Research quickly confirmed that they showed two more classic traits of
the transition to a superconducting state: As superconductivity developed,
the material expelled magnetic fields, so that a magnet placed on a chunk
of the material would levitate above the surface. And its heat capacity --
the amount of heat needed to raise their temperature by a given amount -- showed a distinctive anomaly at the transition.

But despite decades of effort with a variety of experimental tools,
the fourth signature, which can be seen only on a microscopic scale,
remained elusive: the way electrons pair up and condense into a sort
of electron soup as the material transitions from its normal state to
a superconducting state.

Now a research team at the Department of Energy's SLAC National
Accelerator Laboratory and Stanford University has finally revealed
that fourth signature with precise, high-resolution measurements made
with angle-resolved photoemission spectroscopy, or ARPES, which uses
light to eject electrons from the material. Measuring the energy and
momentum of those ejected electrons reveals how the electrons inside
the material behave.

In a paper published today in Nature, the team confirmed that the
cuprate material they studied, known as Bi2212, made the transition
to a superconducting state in two distinct steps and at very different temperatures.



==========================================================================
"Now we know what happens at the superconducting transition in very
fine detail, and we can think about how to make that happen at higher temperatures," said Sudi Chen, who led the study while a PhD student
at Stanford. "That's a very practical direction." Stanford Professor
Zhi-Xun Shen, an investigator with the Stanford Institute for Materials
and Energy Sciences (SIMES) at SLAC who supervised the research, said,
"This is the climax of 15 years of scientific detective work in trying
to understand the electronic structure of these materials, and it
provides the missing link for a holistic picture of unconventional superconductivity. We knew these materials should produce distinctive spectroscopic signatures as the paired electrons coalesce into a quantum condensate; the amazing thing is that it took so long to find it." Unconventional transitions In conventional superconductors, which were discovered in 1911, electrons overcome their mutual repulsion and form
what are known as Cooper pairs, which immediately condense into a sort
of electron soup that allows electrical current to travel unimpeded.

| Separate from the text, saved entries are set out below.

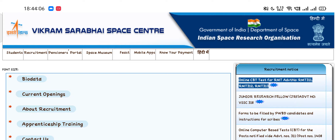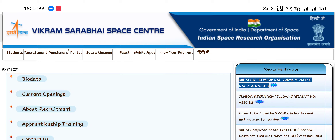Hello friends, welcome to SRE Online Hub's official YouTube channel. In this video we are talking about ISRO Vikram Sarabhai Space Center exam, which will be held on 14th July 2021. This video will be helpful for candidates who haven't downloaded their admit card yet, because as I disclosed in my previous video, ISRO has disabled the admit card downloading link.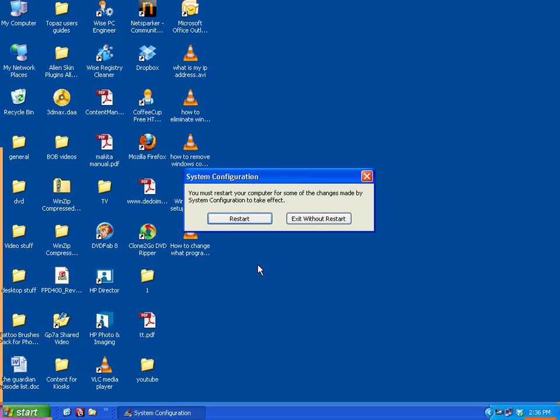So you've got two choices. Do it this way, where you go in through msconfig, or F8. Either one works.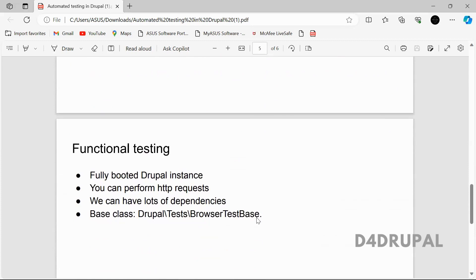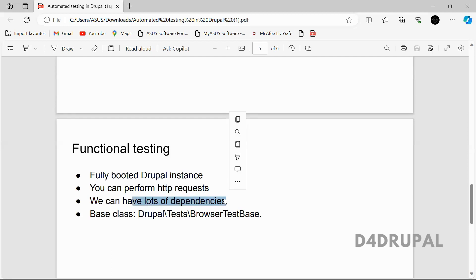Functional testing — by the name itself you can understand — allows you to test any functionality. The site will be completely installed. I already posted a video about automated testing setup in Drupal showing an example with the Quick Note Clone module, which is an example of functional testing. You can perform any HTTP request — for example, if you have a configuration form and a page dependent on that configuration value, you can tell the test to go to a page, submit a value, then check that another page contains that particular value.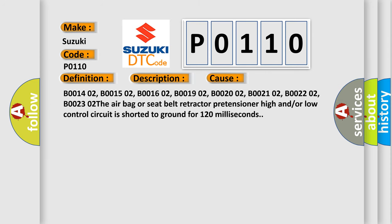B0014 02, B0015 02, B0016 02, B0019 02, B0020 02, B0021 02, B0022 02, B0023 02. The airbag or seat belt retractor pretensioner high and/or low control circuit is shorted to ground for 120 milliseconds.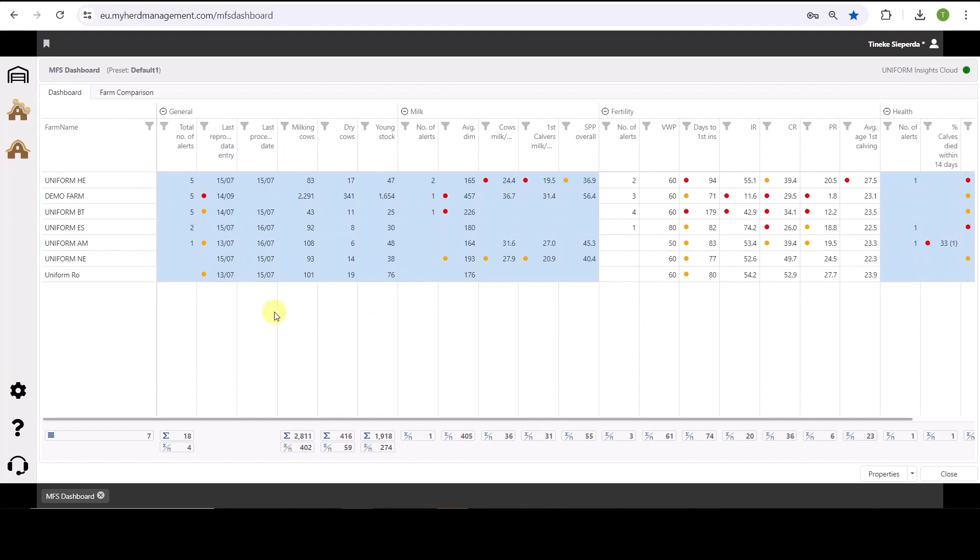I directly see all the farms here that have given me permission to monitor their data. You can see the latest processing date. Some are from yesterday and some are from today already. The data is automatically uploaded from the farmer's PC to the cloud.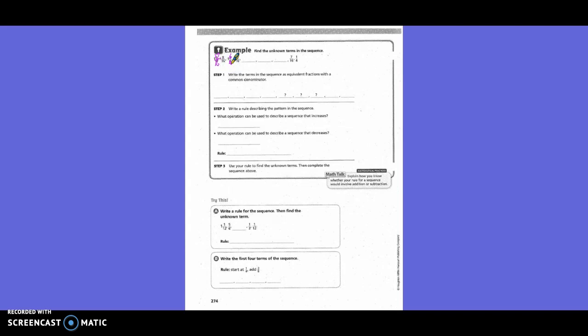Is it going up or down? Down. So that means we are subtracting. We have one and three-sixteenths. What is it going down by? Three-sixteenths. So one minus three-sixteenths — what would one whole be with sixteen as a denominator? Sixteen-sixteenths. Then thirteen-sixteenths minus three-sixteenths is ten-sixteenths.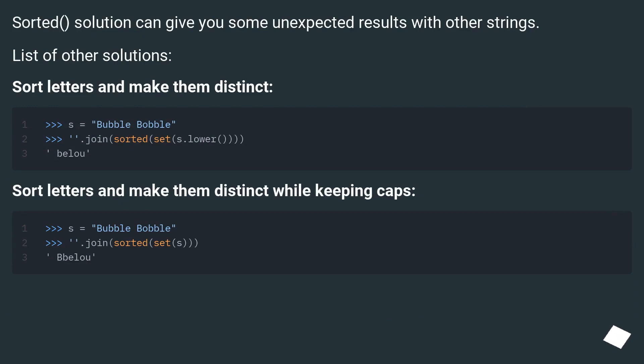The sorted solution can give you some unexpected results with other strings. Here's a list of other solutions.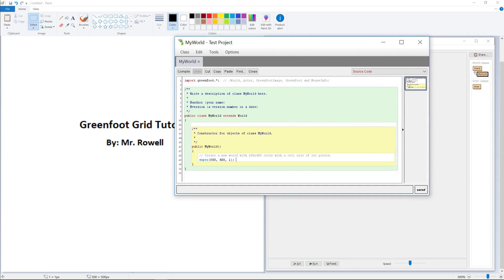Recently, we looked at the numbers in what we call our MyWorld constructor. We haven't talked a lot about constructors yet, but the basic idea is kind of in the definition of the word itself — it helps construct the object. It is called when the object is created and tells it what its initial state is going to be. We learned that the numbers inside these brackets determine the size of the world that we create.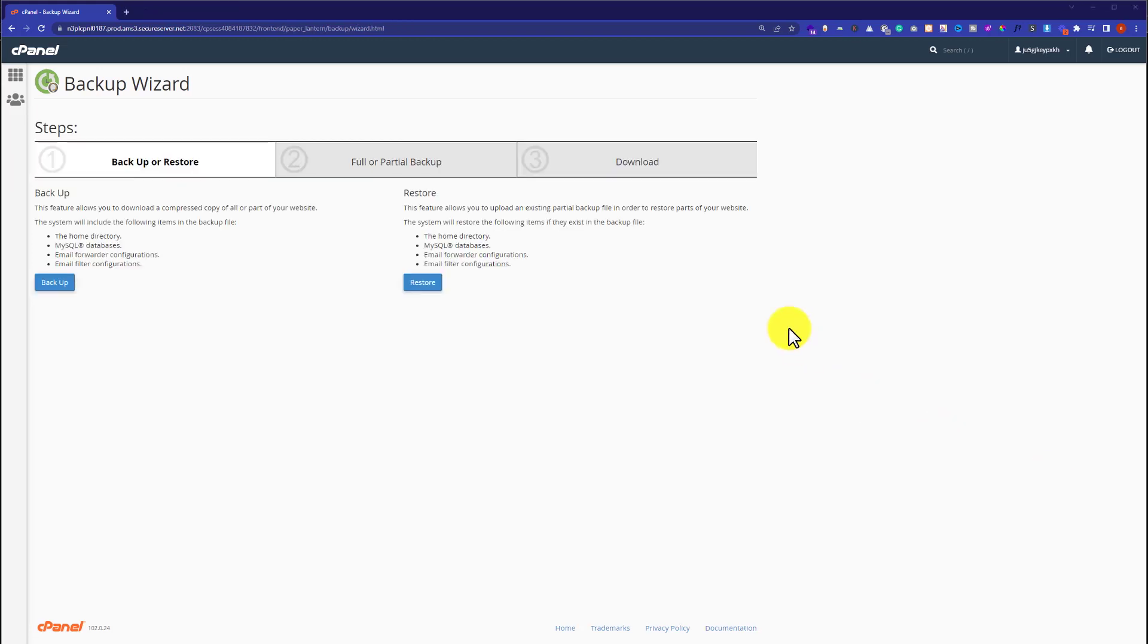When the full backup of your website is completed, click on the Download section. From here, you can easily download the backup of your website.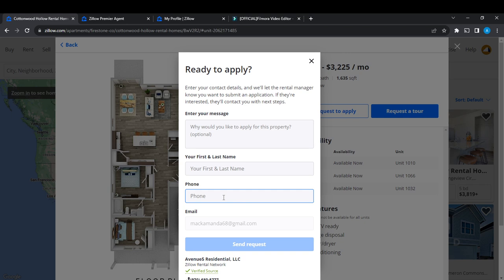This is pretty much how to rent a house on Zillow. You can go over this tutorial from top to bottom to get acquainted with the steps, and once you're done you'll be good to go. I hope this video helped your search.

But in the unconventional cuprates, scientists have speculated that
electrons pair up at one temperature but don't condense until they're
cooled to a significantly lower temperature; only at that point does
the material become superconducting.



========================================================================== While the details of this transition had been explored with other
methods, until now it had not been confirmed with microscopic probes
like photoemission spectroscopy that study how matter absorbs light and
emits electrons. It's an important independent measure of how electrons
in the material behave.

Shen started his scientific career at Stanford just as the discovery of
the new cuprate superconductors was coming to light, and he has devoted
more than three decades to unraveling their secrets and improving
photoemission spectroscopy as a tool for doing that.

For this study, cuprate samples made by collaborators in Japan were
examined at two ARPES setups -- one in Shen's Stanford laboratory,
equipped with an ultraviolet laser, and the other at SLAC's Stanford Synchrotron Radiation Lightsource (SSRL) with the help of SLAC staff
scientists and longtime collaborators Makoto Hashimoto and Donghui Lu.

Peeling a physics onion "Recent improvements in the overall performance of those instruments were an important factor in obtaining these high-quality results," Hashimoto said.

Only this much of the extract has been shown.